# THE TASK
Restate word for word the lines of the material below, from the line with "Flashing God Long" to the line with "Kaart van postcodegebied 4261CJ.", both lines included, and no others.

Content starts

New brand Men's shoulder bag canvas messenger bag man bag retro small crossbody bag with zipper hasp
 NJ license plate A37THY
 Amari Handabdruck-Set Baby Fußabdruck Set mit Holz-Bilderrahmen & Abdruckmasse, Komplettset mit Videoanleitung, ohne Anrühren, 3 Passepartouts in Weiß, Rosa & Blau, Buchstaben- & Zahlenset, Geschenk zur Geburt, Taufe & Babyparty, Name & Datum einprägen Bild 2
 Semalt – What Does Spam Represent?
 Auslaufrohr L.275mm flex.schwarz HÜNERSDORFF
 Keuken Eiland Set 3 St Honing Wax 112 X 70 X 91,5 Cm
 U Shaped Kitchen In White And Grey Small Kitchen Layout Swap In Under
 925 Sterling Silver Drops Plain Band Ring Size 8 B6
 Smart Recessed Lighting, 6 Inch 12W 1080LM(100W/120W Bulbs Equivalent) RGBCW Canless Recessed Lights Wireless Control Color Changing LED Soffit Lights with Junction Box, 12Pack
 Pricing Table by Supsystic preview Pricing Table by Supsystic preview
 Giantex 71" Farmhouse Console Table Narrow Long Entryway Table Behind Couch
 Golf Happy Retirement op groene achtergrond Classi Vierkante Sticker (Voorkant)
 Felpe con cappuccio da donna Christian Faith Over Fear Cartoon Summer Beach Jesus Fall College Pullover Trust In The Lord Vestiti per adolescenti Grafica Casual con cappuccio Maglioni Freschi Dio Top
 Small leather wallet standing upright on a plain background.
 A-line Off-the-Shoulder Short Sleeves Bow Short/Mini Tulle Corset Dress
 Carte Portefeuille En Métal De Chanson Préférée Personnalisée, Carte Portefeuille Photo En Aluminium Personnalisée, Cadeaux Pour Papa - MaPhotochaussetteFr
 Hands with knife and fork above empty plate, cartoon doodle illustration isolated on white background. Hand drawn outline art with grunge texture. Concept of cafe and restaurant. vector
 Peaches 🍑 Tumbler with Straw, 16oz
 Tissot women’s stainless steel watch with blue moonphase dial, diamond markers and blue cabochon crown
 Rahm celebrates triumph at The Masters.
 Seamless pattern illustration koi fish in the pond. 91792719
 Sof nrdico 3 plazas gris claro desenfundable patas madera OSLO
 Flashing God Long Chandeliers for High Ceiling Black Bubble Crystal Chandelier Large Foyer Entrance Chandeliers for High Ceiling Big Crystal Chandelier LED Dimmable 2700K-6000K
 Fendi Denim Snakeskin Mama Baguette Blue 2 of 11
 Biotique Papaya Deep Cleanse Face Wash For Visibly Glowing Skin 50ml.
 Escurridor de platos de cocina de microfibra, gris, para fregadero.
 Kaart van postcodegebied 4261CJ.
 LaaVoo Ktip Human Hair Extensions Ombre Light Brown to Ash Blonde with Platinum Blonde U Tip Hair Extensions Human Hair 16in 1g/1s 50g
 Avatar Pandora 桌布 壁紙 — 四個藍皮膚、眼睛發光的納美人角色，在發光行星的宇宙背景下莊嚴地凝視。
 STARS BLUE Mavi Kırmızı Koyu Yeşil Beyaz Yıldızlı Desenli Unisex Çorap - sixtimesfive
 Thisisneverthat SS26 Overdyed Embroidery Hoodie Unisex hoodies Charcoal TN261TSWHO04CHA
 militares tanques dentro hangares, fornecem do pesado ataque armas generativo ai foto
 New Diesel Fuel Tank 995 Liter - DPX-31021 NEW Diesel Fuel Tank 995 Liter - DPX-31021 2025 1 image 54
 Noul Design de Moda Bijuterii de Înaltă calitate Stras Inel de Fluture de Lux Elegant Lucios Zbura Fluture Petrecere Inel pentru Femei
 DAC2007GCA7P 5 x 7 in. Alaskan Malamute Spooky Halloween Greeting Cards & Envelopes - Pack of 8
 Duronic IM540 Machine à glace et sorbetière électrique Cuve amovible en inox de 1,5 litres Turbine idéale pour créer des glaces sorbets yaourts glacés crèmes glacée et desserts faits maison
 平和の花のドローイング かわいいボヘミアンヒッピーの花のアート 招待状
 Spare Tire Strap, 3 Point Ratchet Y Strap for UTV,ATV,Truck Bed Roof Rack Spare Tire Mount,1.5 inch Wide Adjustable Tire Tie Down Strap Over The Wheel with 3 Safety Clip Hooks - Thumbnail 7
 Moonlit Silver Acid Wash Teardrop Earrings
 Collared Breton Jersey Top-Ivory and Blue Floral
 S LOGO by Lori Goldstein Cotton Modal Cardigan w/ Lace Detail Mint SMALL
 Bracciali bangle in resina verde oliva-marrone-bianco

Content ends

# RESPONSE AREA
 Flashing God Long Chandeliers for High Ceiling Black Bubble Crystal Chandelier Large Foyer Entrance Chandeliers for High Ceiling Big Crystal Chandelier LED Dimmable 2700K-6000K
 Fendi Denim Snakeskin Mama Baguette Blue 2 of 11
 Biotique Papaya Deep Cleanse Face Wash For Visibly Glowing Skin 50ml.
 Escurridor de platos de cocina de microfibra, gris, para fregadero.
 Kaart van postcodegebied 4261CJ.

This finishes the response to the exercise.